Skip to content

9.6. Data Analysis with AI

Data analysis workflows typically involve multiple tools: a spreadsheet application for viewing CSVs, a code editor for writing scripts, a terminal for running them, and another editor for writing up findings. Backend.AI GO's Cowork menu brings all of this into one autonomous workflow: describe your analysis goal, and the agent reads your data, runs the calculations, and produces a report—entirely on your local machine.

This guide walks through setting up Cowork for data analysis and provides concrete examples using CSV files, JSON data, and Python-based processing.
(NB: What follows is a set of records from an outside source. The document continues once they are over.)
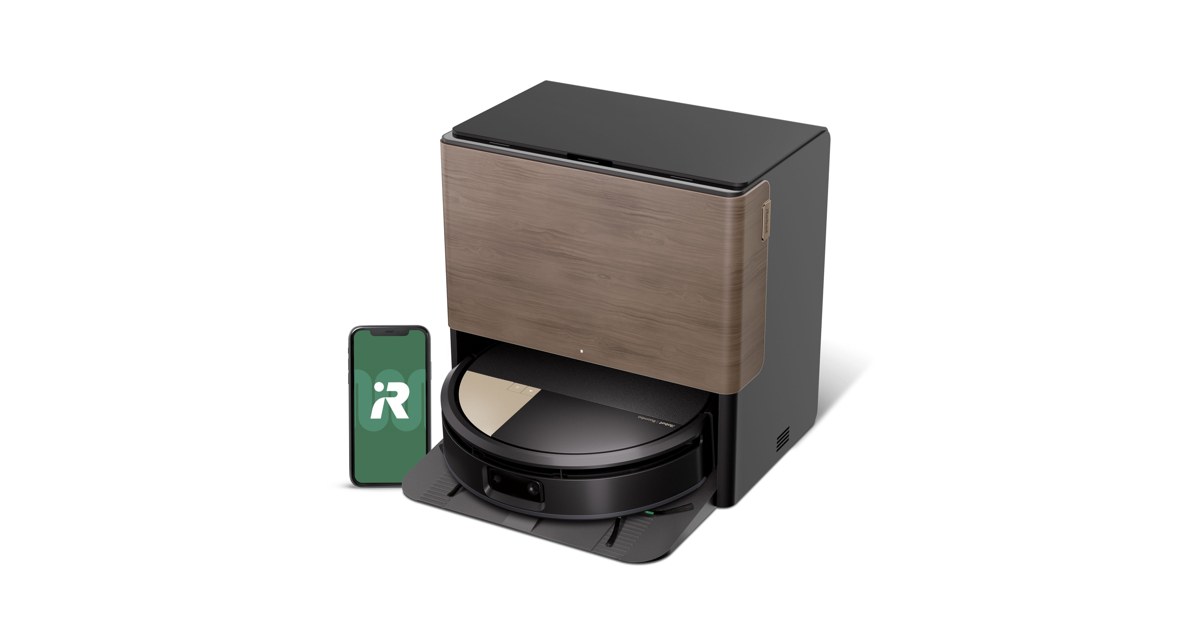 Render oficial del Roomba Max 705 Combo negro junto a su estación y una pantalla de la aplicación.
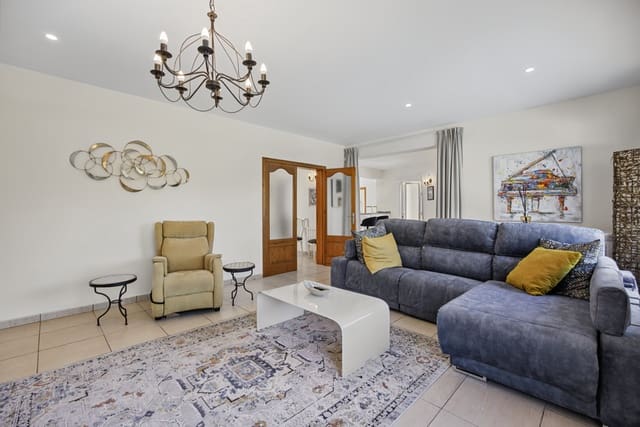 3 soveværelse Villa til salg i La Granadella  - Costa Nova, Javea / Xàbia med swimmingpool garage - € 795.000 (Ref: 10181937)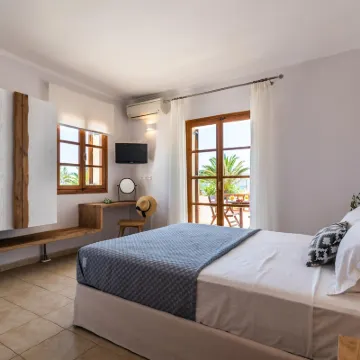 Konstantinos Hotel dekat Pantai Paliochori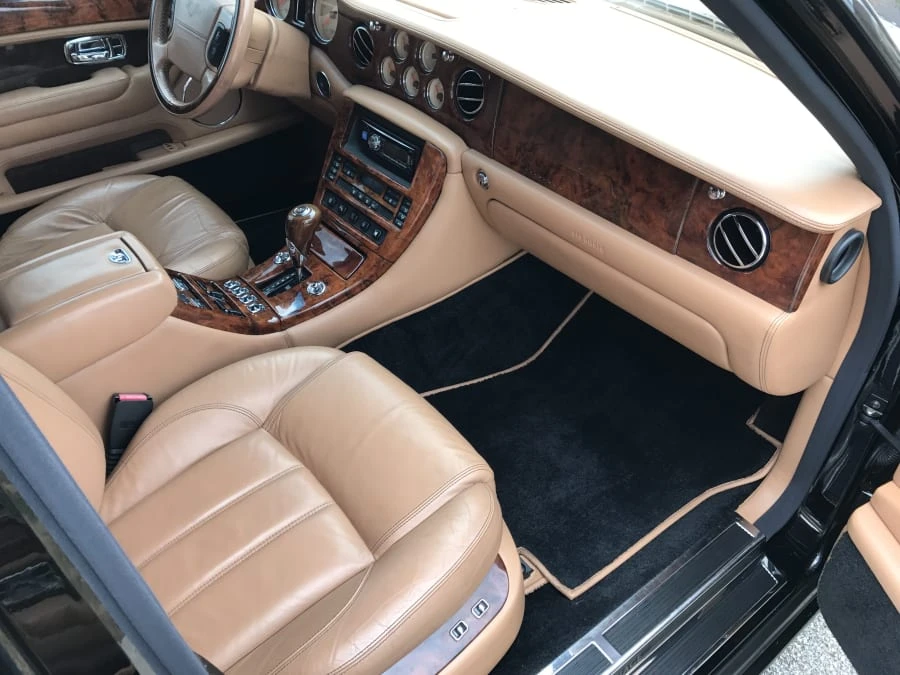 2004 Bentley Arnage R & RL - Image 6 of 8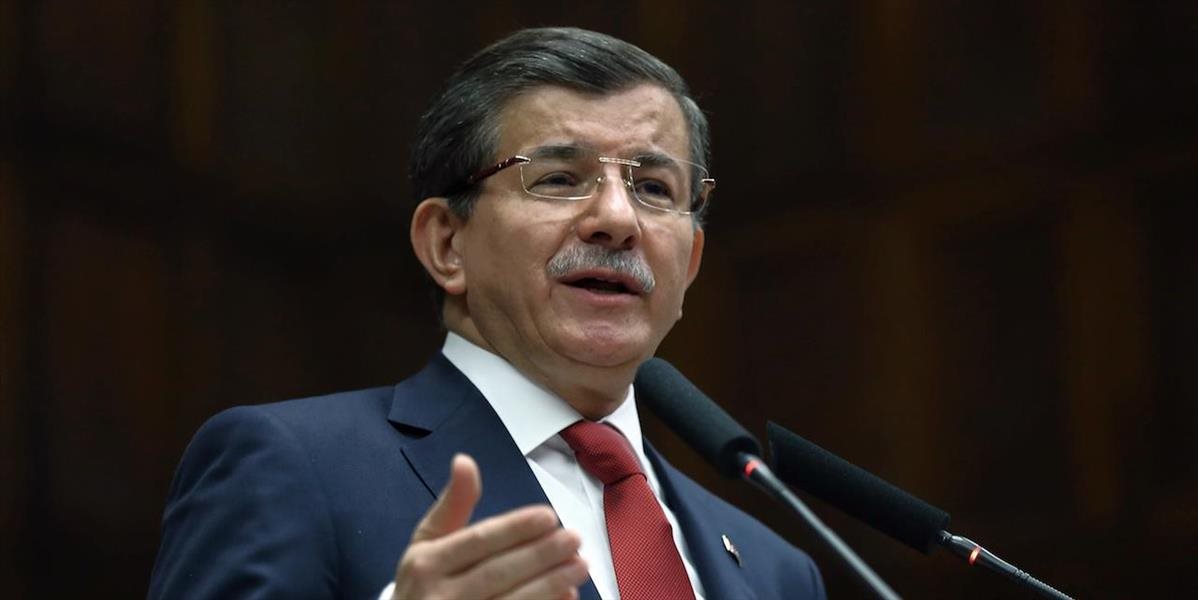 Turecký premiér Davutoglu zrušil po výbuchu v Ankare plánovanú cestu do Bruselu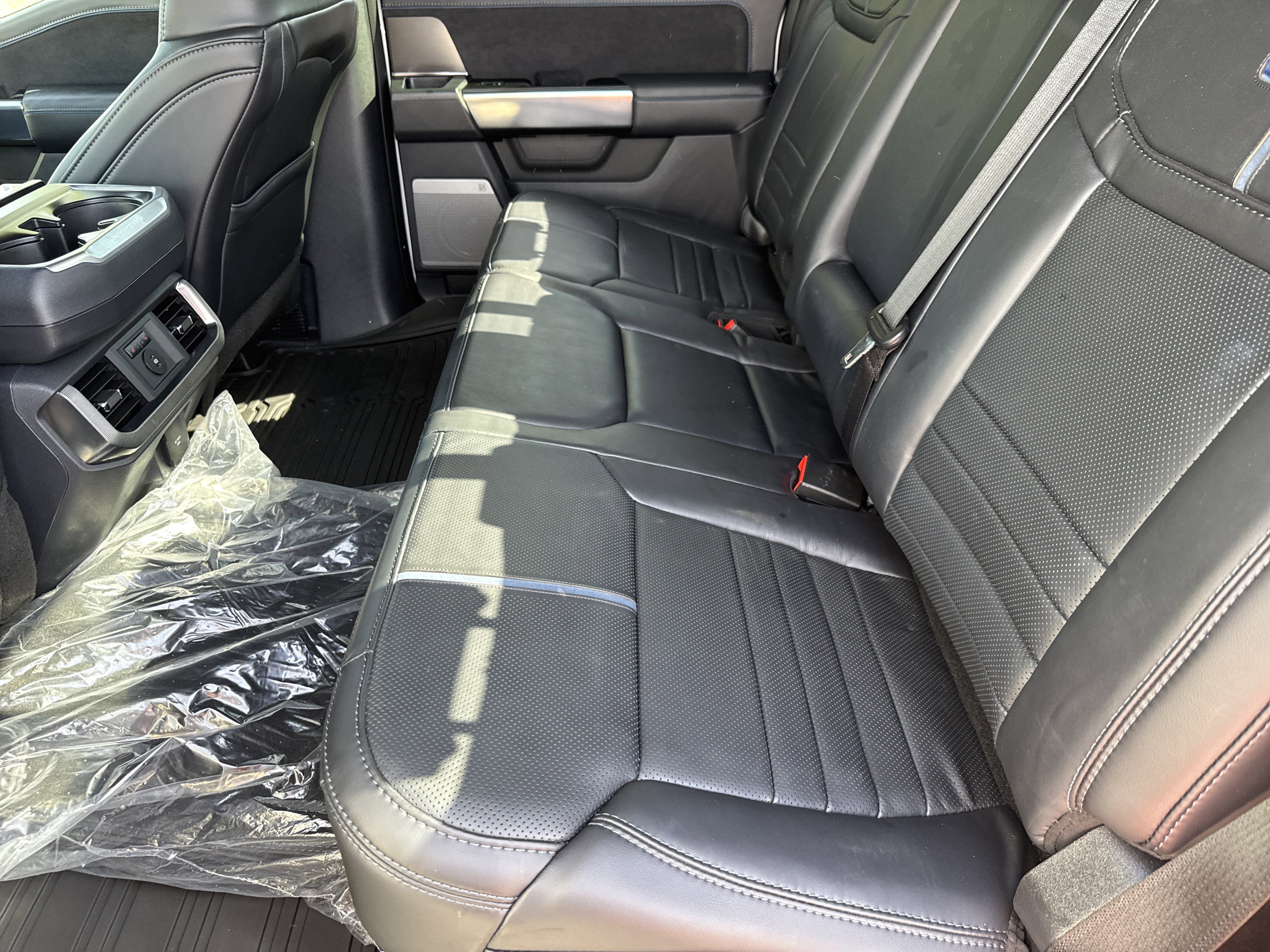 Certified 2025 Ford F150 Platinum w/ FX4 Off-Road Package AWD/4WD image 11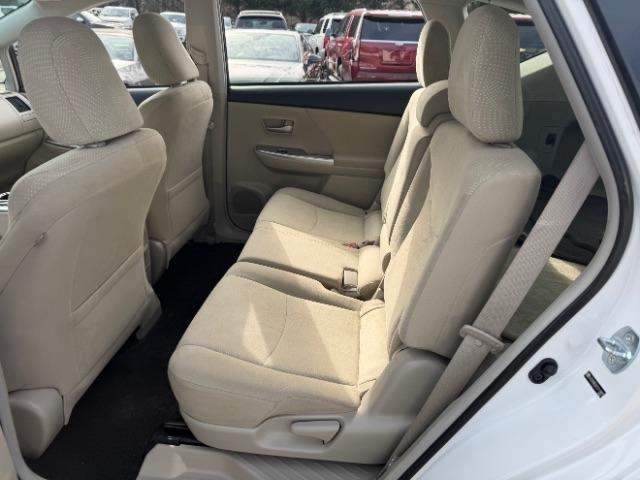 Toyota Prius V Three 2012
Why Use Cowork for Data Analysis?

Traditional workflow Cowork workflow
Open CSV in spreadsheet, write formulas manually Agent parses CSV, performs calculations autonomously
Write and run Python scripts in separate tools Agent writes and executes Python in a sandboxed environment
Copy results into a report by hand Agent writes the final report directly to your file system
Repeat for every new dataset Reuse global instructions for consistent formatting

A key advantage is privacy: your data never leaves your machine. Analysis runs entirely through the local model and local tool execution—no cloud uploads required.

Prerequisites

Before you begin, make sure you have:

  • Backend.AI GO installed and running
  • At least one model loaded — a capable model (7B+ parameters recommended) for best analysis quality
  • Data files on your local file system (CSV, JSON, TXT, or other text formats)

Built-in Data Analysis Tools

The Cowork menu provides several built-in tools for data analysis workflows. No plugins or extensions are required.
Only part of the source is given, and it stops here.